Syntax highlighter

2013-07-14

Why does this call/cc go into infinite loop?

I've found interesting call/cc stuff in Chaton's Gauche room (this)

The code is this one;
(let ((x 0) (cc '())) 
  (set! x (+ x (call/cc (lambda (c) (set! cc c) (c 1)))))
  (if (< x 4) (cc 2) x))
As far as I investigate, Chez, Chicken, Mosh, Sagittarius and Ypsilon went infinite loop. Chibi and Gauche returned 5. Well I'm not a guy from continuation world so I can't say which is correct. However if the call/cc is located to left hand side, then it won't be infinite loop.
;; This returns 5
(let ((x 0) (cc '())) 
  (set! x (+ (call/cc (lambda (c) (set! cc c) (c 1))) x))
  (if (< x 4) (cc 2) x))
It seems the order of evaluation so I can probably get the answer.

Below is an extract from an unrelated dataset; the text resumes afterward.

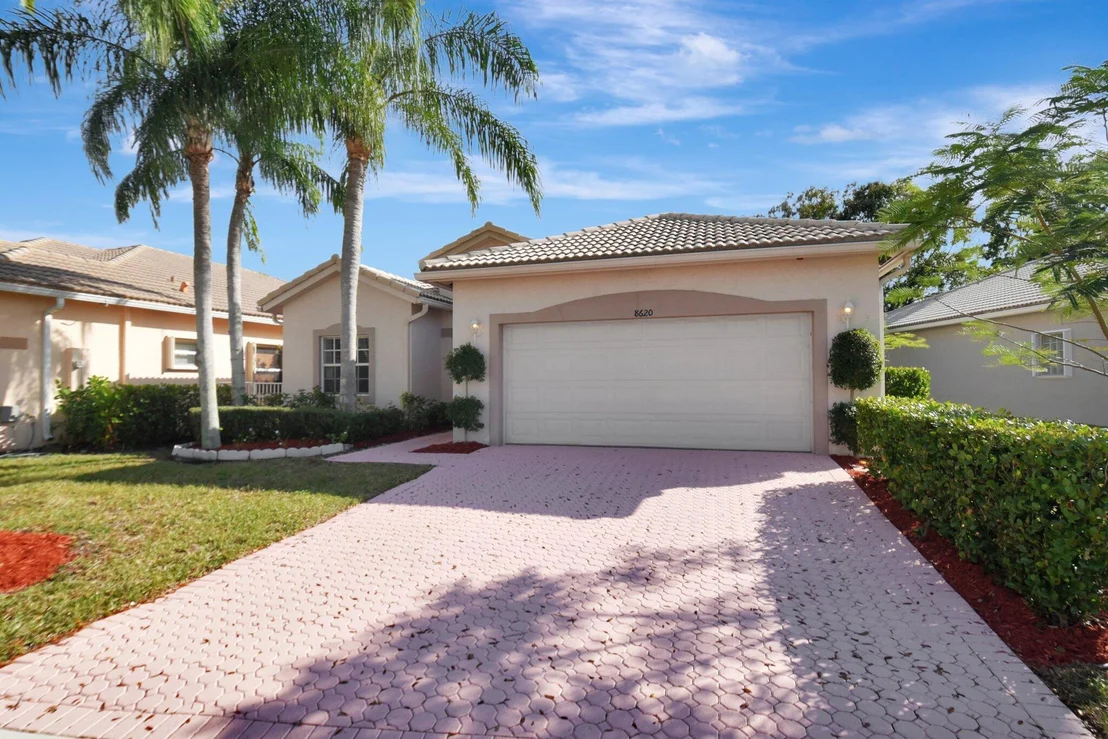 Photo of 8620 Pine Cay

I don't know about other implementations but Sagittarius so following guess is based on its call/cc implementation.

On Sagittarius, continuation is stack and it contains return address. So call/cc captures arguments and return address. Following is the image;
#first one
before call/cc
 +----------+
 |   cont   |
 +----------+ <- captured
 |   pc(+)  |
 +----------+
 |    x=1   | *1
 +----------+
 | pc(set!) |
 +----------+

#second one
before call/cc           after call/cc
 +----------+             +----------+
 |   cont   |             |    x     |   
 +----------+ <- captured +----------+
 |   pc(+)  |             |   c(1)   |
 +----------+             +----------+
 | pc(set!) |             |   pc(+)  |
 +----------+             +----------+
                          | pc(set!) |
                          +----------+

NOTE: pc is return address, cont is call/cc's argument. 
      Stack is growing upwards.
Well it's already obvious but I will describe just in case.The point is *1. The first one, the x is not a box means it's mere value (in this case 1). Then call/cc will capture the stack with the value. So the second call of (cc 2) will always be addition of 1 and 2. Thus it will never be greater than 4. On the other hand, the second case, stack doesn't have x yet so that VM will always compute what is inside of the box (x). Then (cc 2) will always compute the value of x and 2.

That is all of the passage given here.